Part 2 Lesson 10 wiki

Wow. I think I’ve found my calling!

2 Likes

screen has a similar issue, but when you reconnect you at least have access to the data and processing continues in the background. You just have to be sure to run juptyer in the background (via &) once you’ve activated screen.

I’ve done this before for jobs that ran over a week and I was able to reconnect multiple times.

I also used flowmatters to send me a slack notification when the job was done.

3 Likes

@snagpaul please do check hind2vec out!

Would love to hear what you find interesting! What works, and what does not work for you :slight_smile:

3 Likes

What’s the advantage of using subword units vs. using character-level encoding/tokenization?

I’m looking up how to get what Jeremy did to work using screen r.now, if you/anyone know and could explain that’d be great.

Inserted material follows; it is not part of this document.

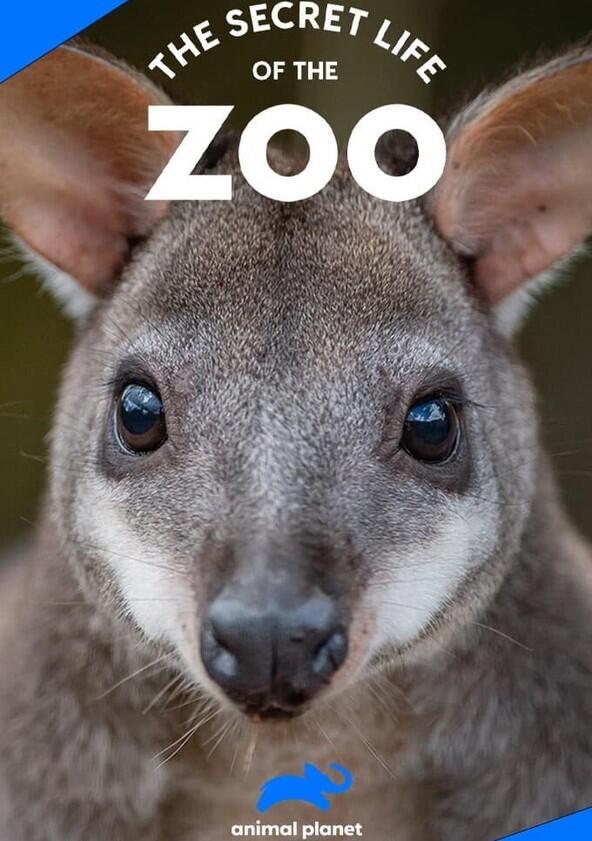 The Secret Life of the Zoo - Season 10 The Secret Life of the Zoo - Season 10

Thanks for sharing the tool that helps automate ablation studies.

I’m interested in hearing about any other tools people use to automate or speed up NLP work, including parallelization tools, automated hyperparameter tuning, etc.

4 Likes

The 2 models in TF hub’s universal sentence encoder are not language models. Jeremy’s claim is that language models learn to encode language sequences better than other backbone models (seems a reasonable claim to me as well) - @jeremy Please correct me if I’m wrong.

So I asked him about this yesterday: link

My hunch was that, while they might have used a weaker objective fn(merely produce sentence embeddings), but they still use the same attention, LSTM/GRU building blocks but the difference is that, they trained it with a lot more data - google scale!

As you saw in his reply, Jeremy wants us to test this out by comparing the universal encoder with the wikitext103 LM encoder - I think we should give it a try…let me know if anyone is interested.

p.s: We could start by an apples-apples comparison and later add the sentencepiece stuff to the mix…to tokenize more carefully.

6 Likes

You will still have access to data and will be able to see future outputs that you run after reconnecting.
However, say you are printing an output of training loss per epoch , and you disconnect midway. If you reconnecting , you will not be able to see the new lines of logs that might have been output while you were disconnected nor will you be able to see new logs that are technically being printed

I’ve done it before. You type:

screen
jupyter notebook &
ctrl-a and then d

This keeps your jupyter notebook running in the background on a screen wrapper.

If you need to reconnect to the screen running jupyter to shut it down

screen -r

Hope that helps. As mentioned above if you disconnect you lose output, but you at least don’t lose data. And if you want notifications about when the job is done I recommend flowmatters or some other system.

2 Likes

That’s true. If you need it you can dump it to a file as you go or pipe it through a notification service.

I do wish it had a better way of reconnecting to output though.

My takeaways:

  1. In part-1 we trained the LM on IMDB dataset text itself. Here we are using a more powerful backbone.
  2. I think the multi core CPU stuff will be super useful
  3. Lots of cool tokenization tricks
  4. training the whole thing in reverse for the BiDir
  5. He just gave us a full language model + WEIGHTS to download and use for free :slight_smile:
10 Likes

Any background process that runs the jupyter kernel like nohup should also work right?

1 Like

I’d also add to the list

  • the “semantic markup” technique
  • triangular LRs work better than cyclical LRs
  • works-out-of-the-box RNN dropout ratios
  • paper references (AWD-LSTM and Leslie’s paper)
  • and of course the new fastai text module
5 Likes

IMO that’s was the crux - transfer learning in NLP, game changer possibly very soon. + an example of successful pursuing an idea without too much support from the community. + tips and tricks on how to write papers (and pursue a right co-author for that :-))

2 Likes

The fast.ai documentation project!

1 Like

Yeah, the most exciting lecture to me so far. It also leaves a few untested hypotheses for us to try out like you mentioned.

1 Like

Does anyone have a way to prepare Text from emails, word, excel, PDF, images?

1 Like

No, I’m talking about “Screen Sharing” a utility on mac os x. It’s a VNC client, but doesn’t say VNC anywhere, so people don’t realize.

2 Likes

You don’t need to background the jupyter notebook process. Might as well keep it foregrounded. (that’s what the & bit does for others’ knowledge).

As far as reconnecting, i believe screen -r requires a pid to reconnect.
I’ve always used screen -xRR to reconnect.

That’s awesome! Thanks! Going to leave a link here and maybe in the wiki if the gods approve.

https://support.apple.com/kb/PH25554?locale=en_US